I thought creating them as lists of lists would allow me to include them in dataframes even if the elements do not always have equal length. But apparently thats not the case. Instead, R creates a variable for each individual token. thats not feasible because it would create millions of variables. Here is some code to exemplify:
a <- c(1,2,3)
e <- list(b = as.list(c("a","b")),c = as.list(c(1L,3L,5L,4L)),d = as.list(c(TRUE,FALSE,TRUE)))
DF <- cbind(a,e)
U <- data.frame(a,e)
I would like to have it like this:
Is this possible at all in R with dataframes (I tried dearching for answers already but they were either for different questions or too technical for me)? Any help is much appreciated!
Upvotes: 3
Views: 3770
Reputation: 10671
You can do exactly what you want if you are willing to use library(tibble)
:
library(tibble)
a <- c(1,2,3)
e <- list(b = as.list(c("a","b")),c = as.list(c(1L,3L,5L,4L)),d = as.list(c(TRUE,FALSE,TRUE)))
tibble(a,e)
# A tibble: 3 × 2
a e
<dbl> <list>
1 1 <list [2]>
2 2 <list [4]>
3 3 <list [3]>
A tibble
or tbl_df
will behave just like you are used to with a traditional data.frame
but allow you some nice extra functionality like storing lists of various lengths in a column.
Upvotes: 2
Reputation: 508
Thanks for all the suggestions everyone! I think I found a simpler solution though. Just in case anyone else has a similar problem in the future, this is what I did:
a <- c(1,2,3)
b <- c("a","b")
c <- c(1L,3L,5L,4L)
d <- c(TRUE,FALSE,TRUE)
e <- list(b,c,d);e
DF <- data.frame(a,I(e));DF
The I() inhibit function apparently prevents the lists from being converted and the column behaves just like a list of lists as far as I can tell so far. The class of the e column is however not "list" but "AsIs". I don't know whether this might cause problems further down the line, if so, I will update this answer!
EDIT
So it turns out that some functions do not take the AsIs class as input. To convert it back to a usefull character string, you can simply use unlist() on every row.
Upvotes: 1
Reputation: 14370
I don't think what you want is possible using a vector of lists (as you suggest in your question). This is mainly because you can't create a vector of lists in R (see: How to create a vector of lists in R?)

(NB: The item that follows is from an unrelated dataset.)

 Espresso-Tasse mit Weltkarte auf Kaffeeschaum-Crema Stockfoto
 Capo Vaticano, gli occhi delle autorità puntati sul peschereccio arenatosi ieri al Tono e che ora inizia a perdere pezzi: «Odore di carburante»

However, one option (if you really want a data.frame
) would be to coerce everything to a character (the most flexible type in R). Something like this might work for you:
e <- c(paste0(c("a","b"),collapse=","), paste0(c(1L,3L,5L,4L), collapse = ","), paste0(c(TRUE,FALSE,TRUE), collapse = ","))
U <- data.frame(a,e, stringAsFactors = F)
U
# a e
#1 1 a,b
#2 2 1,3,5,4
#3 3 TRUE,FALSE,TRUE
Then you can back out the value of each cell with a split. Something like:
strsplit(U$e, ",")
Upvotes: 1
Reputation: 2070
Try this:
cbind(a,lapply(e,function(x) paste(unlist(x),collapse=",")))
Upvotes: 0